Thursday is Resource Day

The first week after two big back-to-back shows (one of which was purely the Czarina’s play) gets a bit crazy, especially when you look over the back lot and realize that it’s starting to resemble a location set for a George Romero movie. The grass is high enough to hide Buicks, the roses beg for deadheading, and the hot peppers require their own ZIP codes. The only joy in Mudville comes from having a relatively cool spring: we have yet to go above 33 degrees Celsius, which we broke last year toward the end of April. It’s coming, though. It’s coming.

Hence, the weekend will be dedicated to shoveling, dumping, pruning, trimming, and mowing. I’d like to invite gardener friends over for dinner without their looking out back and shrieking in despair.

With that in mind, we only have a couple of interesting resources to bring up this Thursday, but it’s all connected to horticulture in some way. It’ll have to do until the next post, right?

Firstly, I didn’t know that Carl Mazur of the International Carnivorous Plant Society had a blog, but Zone 6b: Growing Carnivorous Plants In Cold Climates is out there and it’s definitely worth reading. This week, he brought up a very intriguing point on wondering why Sarracenia oreophila produces traps and then blooms once it emerges from winter dormancy, instead of the other way around as with other Sarracenia. I have a suspicion as to a particular factor, but I’m going to need a low-light camera in order to document it. Yet another experiment on the creaking and swaying pile.

In completely different news, nearly anyone who has ever worked a customer service position has an appreciation for the Mike Judge film Idiocracy, if only because the film envisages a world where the customers actually saw an increase in IQ. (I spent nearly three years with a headset jammed onto my ear, and started referring to some of the language used by our most enthusiastic customers as “Conversational Ichthyostegid.” There’s really nothing quite like explaining to a cell phone customer that said phone was cut off because the last payment was reported as an unauthorized use of the paying credit card, only to be told “That’s not fair! I didn’t make that payment! Smitty told me that he’d pay my bill if I slept with him!”) Because of that, I’m quite impressed with a working Brawndo sports drink fountain, because we could have used that at my previous day job. After all, it has the electrolytes plants crave, even if nobody knows what electrolytes are. (And am I the only person on the planet who has noticed that Monster energy drinks and SuperThrive smell suspiciously alike?)

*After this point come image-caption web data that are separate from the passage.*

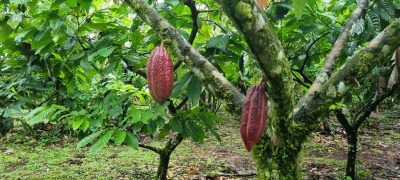 Costa Rica - Pura Vida ! — étape 3 : Tortuguero > La Fortuna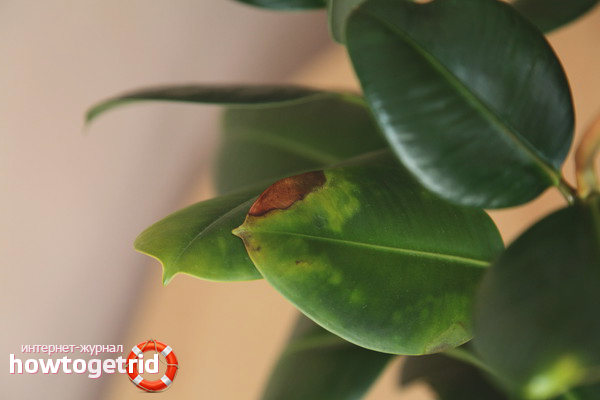 Жълти листа при фикус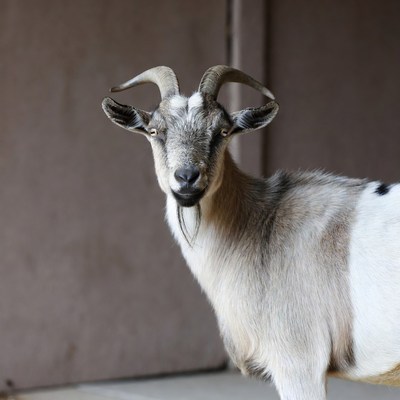Goat standing against brown wall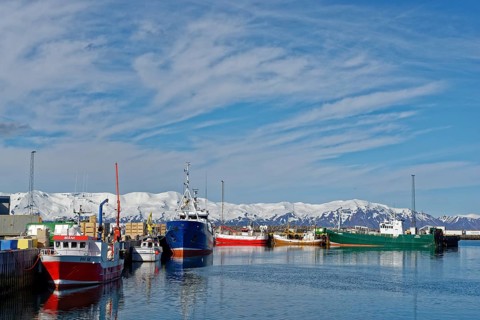 Fishing trawler in the harbour of Husavik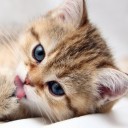 Lilleeสีม่วง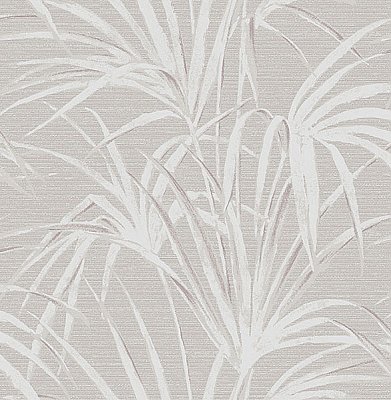 Song Grey Fountain Palm Wallpaper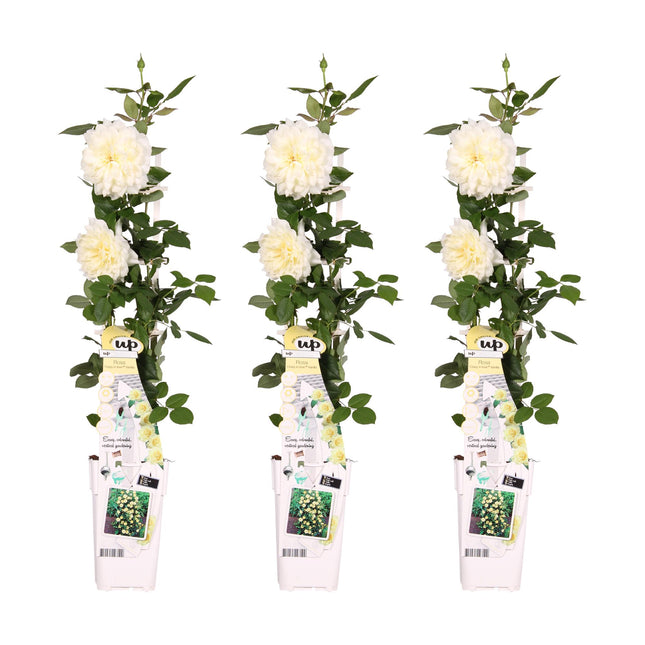 Rosa Crazy in love 'Vanilla' - Climbing rose - ↕65cm - Ø15cm - 3x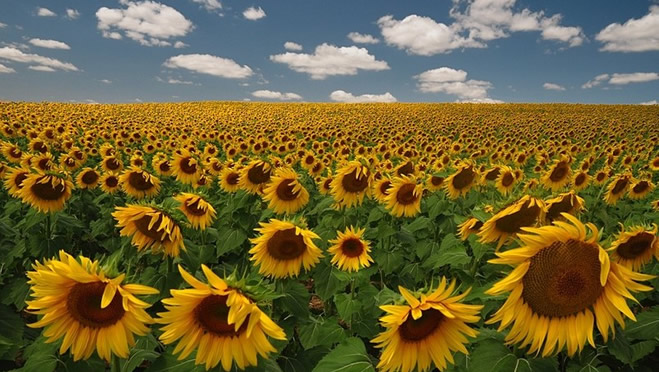 Ayçiçek Yağı Fiyatları Hızla Artıyor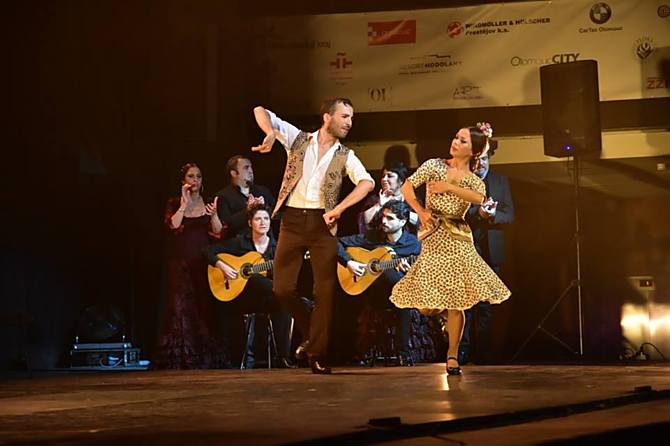 COLORES FLAMENCOS 2016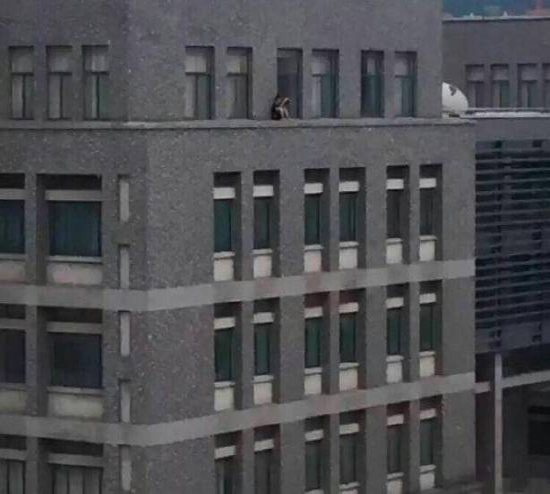 صور| لماذا أثارت هذه الصورة ضجة كبيرة عبر الانترنت؟!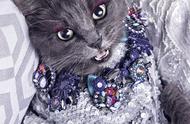 罗马尼亚宠物猫华丽转身，引领时尚潮流！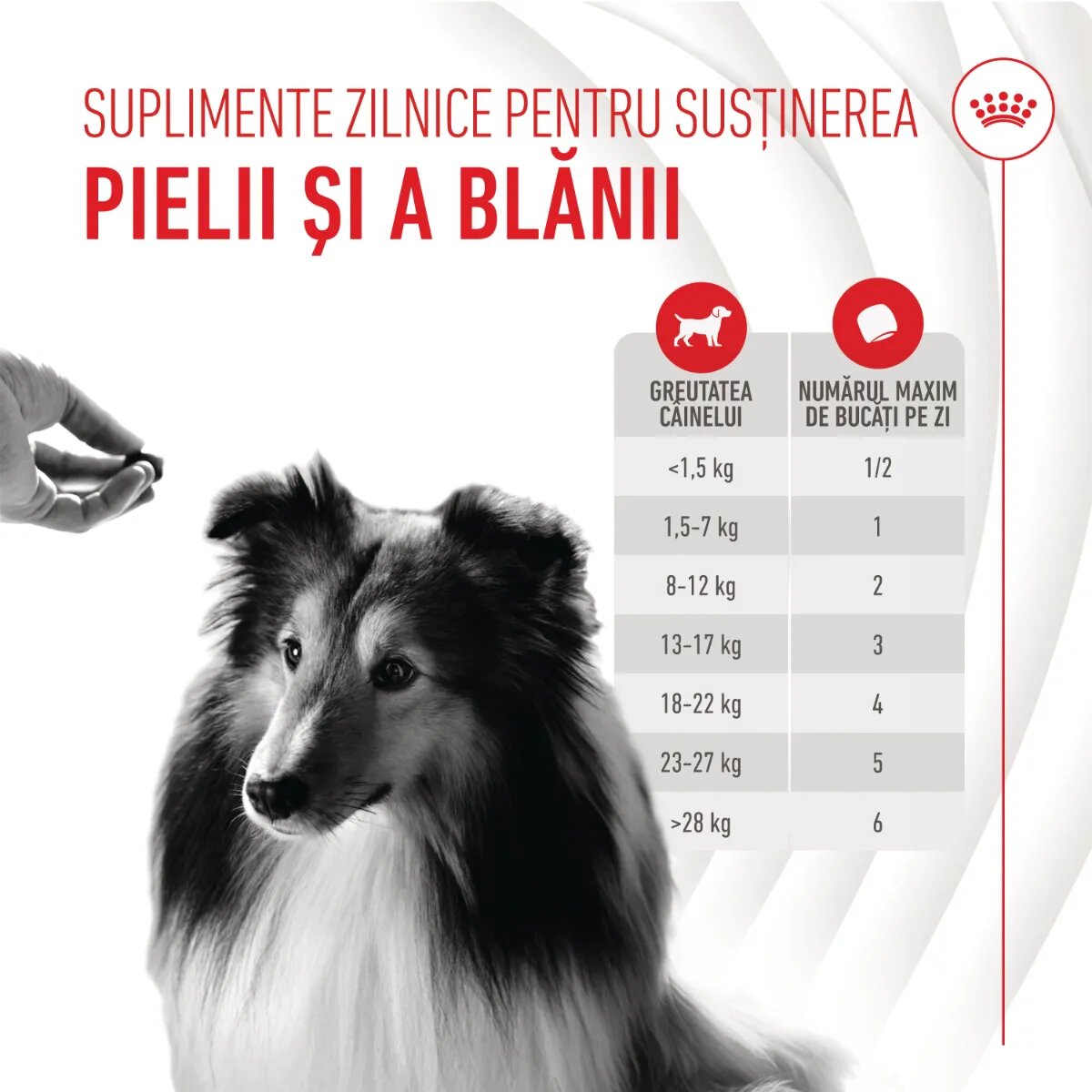 Royal Canin Skin & Coat chews Adult Supplements punguță recompense funcționale câini piele & blană 240g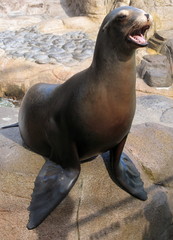 Seal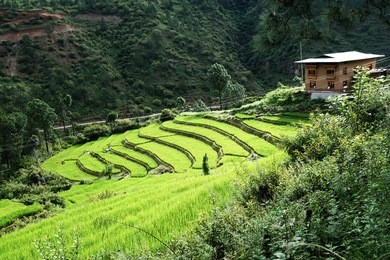 green rice field and a house in the valley of punakha, bhutan during summer.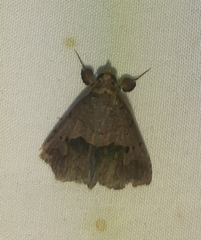 Lepidoptera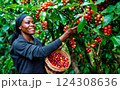 A smiling black woman collecting coffee tree fruits or cherries in the basket 124308636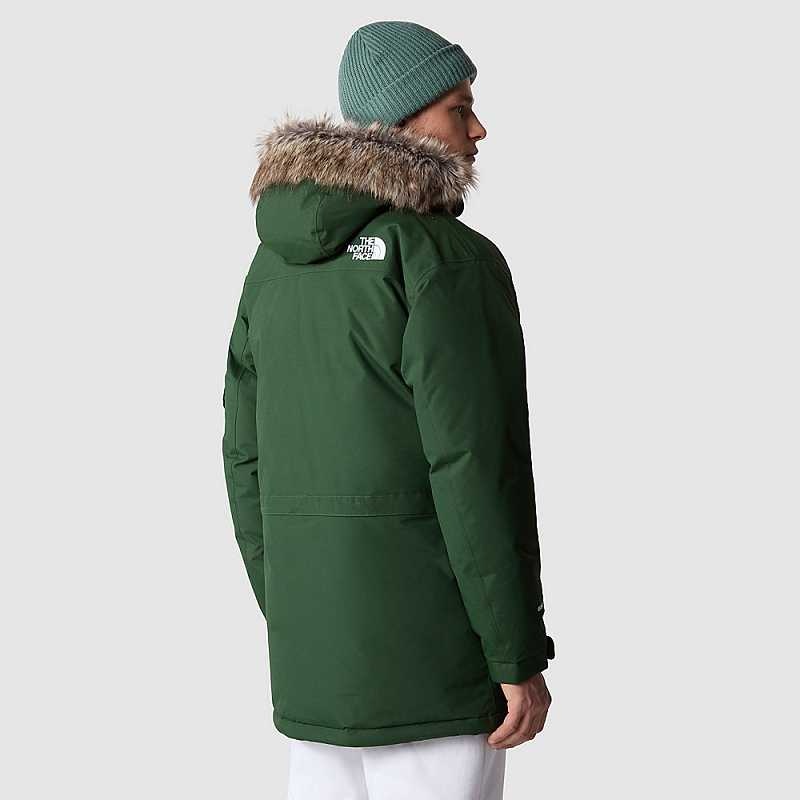 Kurtki Puchowe The North Face Recycled Męskie Jasny Zielone | Polska-2387509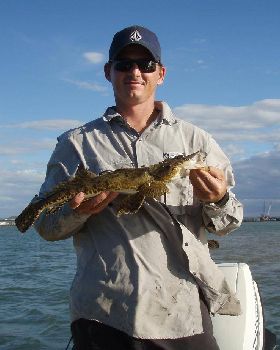Nice little flattie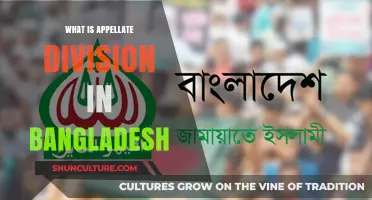 Understanding Bangladesh's Appellate Division: Role, Structure, and Significance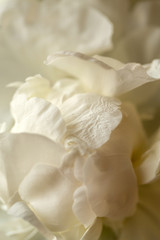 bud of white peony flower in garden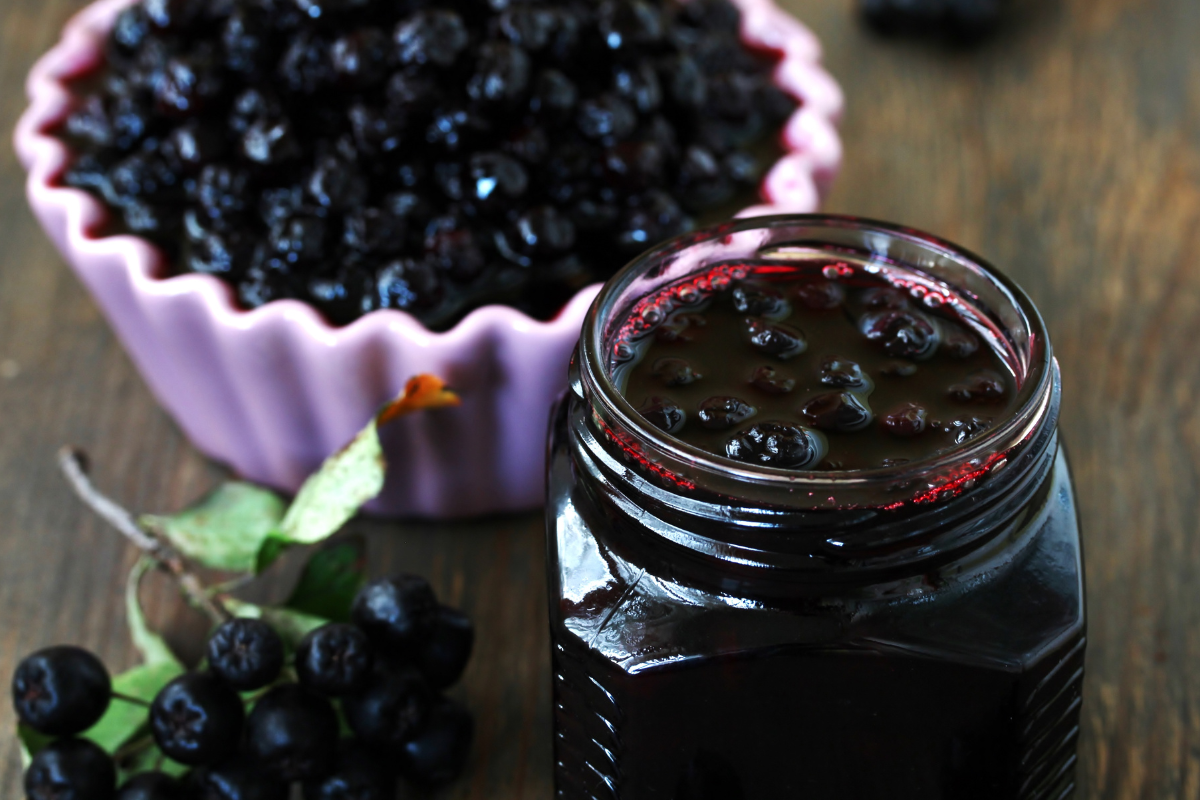 leckere aronia konfitüre neben frischer aronia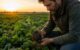 Agricultor revisando el estado de una planta para decidir la aplicación de productos biológicos en el cultivo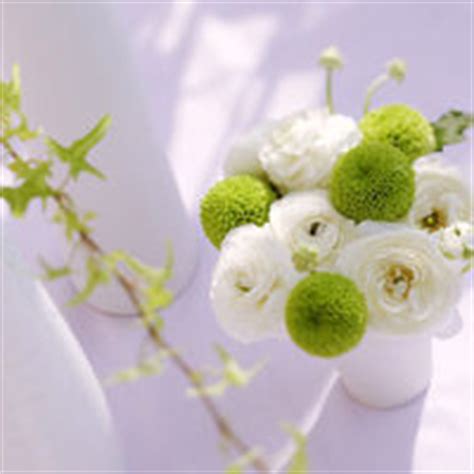 12.如果友谊消失了，那么这个世界的群山会瞬间沉没，并且没有大地可以抵挡群山。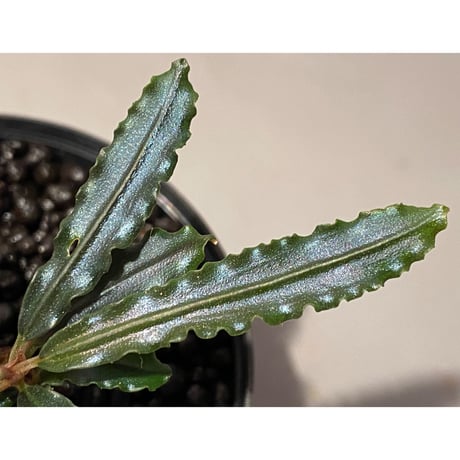 Bucephalandra sp. from "Mangat" [MF0417-2A]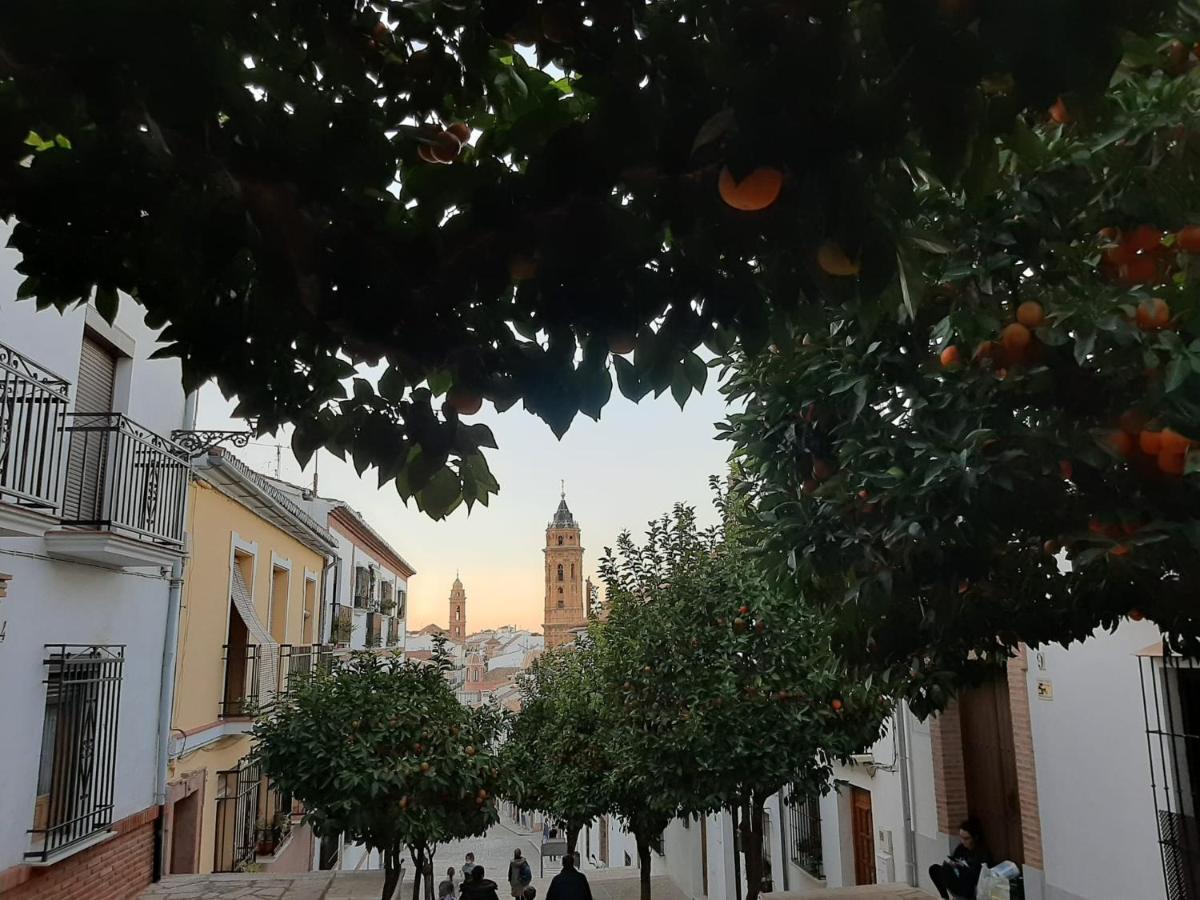 安特克拉Casa El Rinconcito别墅 外观 照片
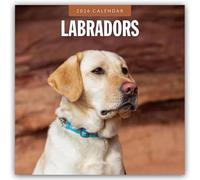 Labradors - Labradore - Labrador Retriever 2026 - 16-Monatskalender: Original Red Robin Publishing Ltd-Kalender [Mehrsprachig] [Kalender]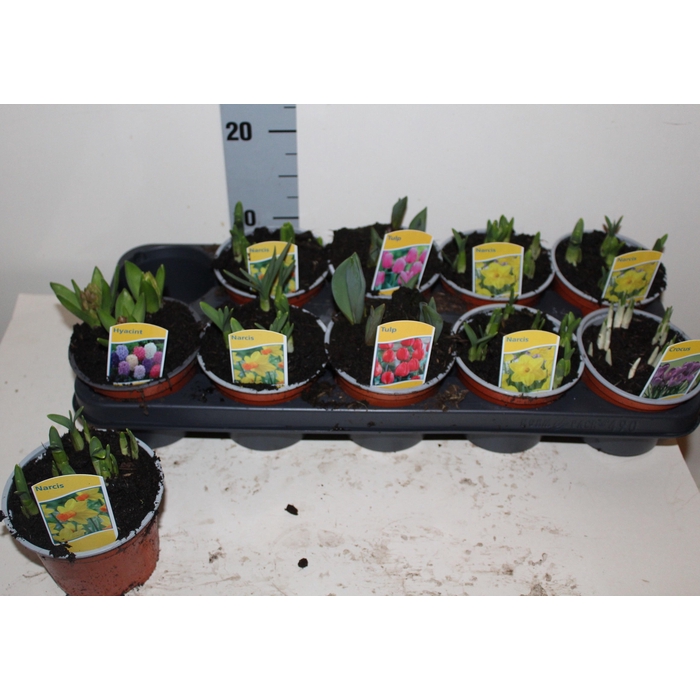 <h4>BOLBLOEMEN GEM</h4>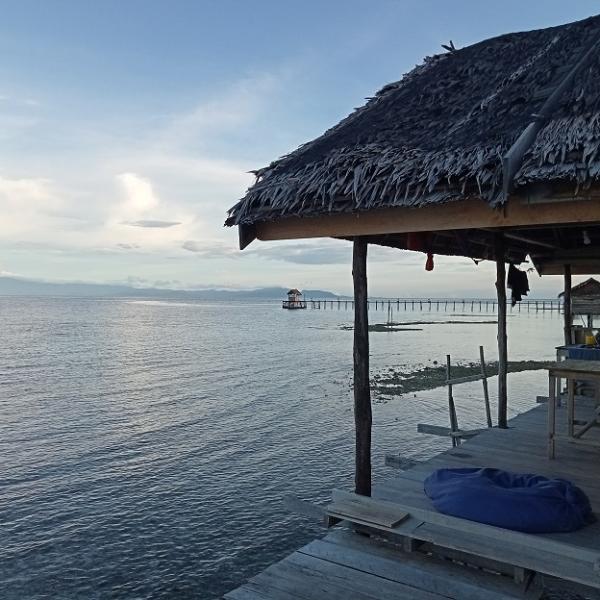 View from private rooms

Finally, one of these days, I’m going to put together a postcard comparable to Tom Wilson’s famed form letter about the film Back to the Future, covering every last repeated question. No, I don’t have any man-eating plants. No, I don’t have any plants that can eat your ex-spouse. No, I don’t have any Audrey 2s, and I’m also fresh out of Delvians, Vervoids, Krynoids, or Vegetons, too. However, after a quick visit to Leilani Nepenthes in Hawaii, I’m finally going to sell triffids. This way, when the occasional person asks if I have a triffid available for sale, I can give that person a John Cleese glare and tell him/her “Here’s your plant, NOW BUY IT!” (I just hope they don’t get too big, because I’m not looking forward to branding season.)

Well, enough of that. Back to the linen mines.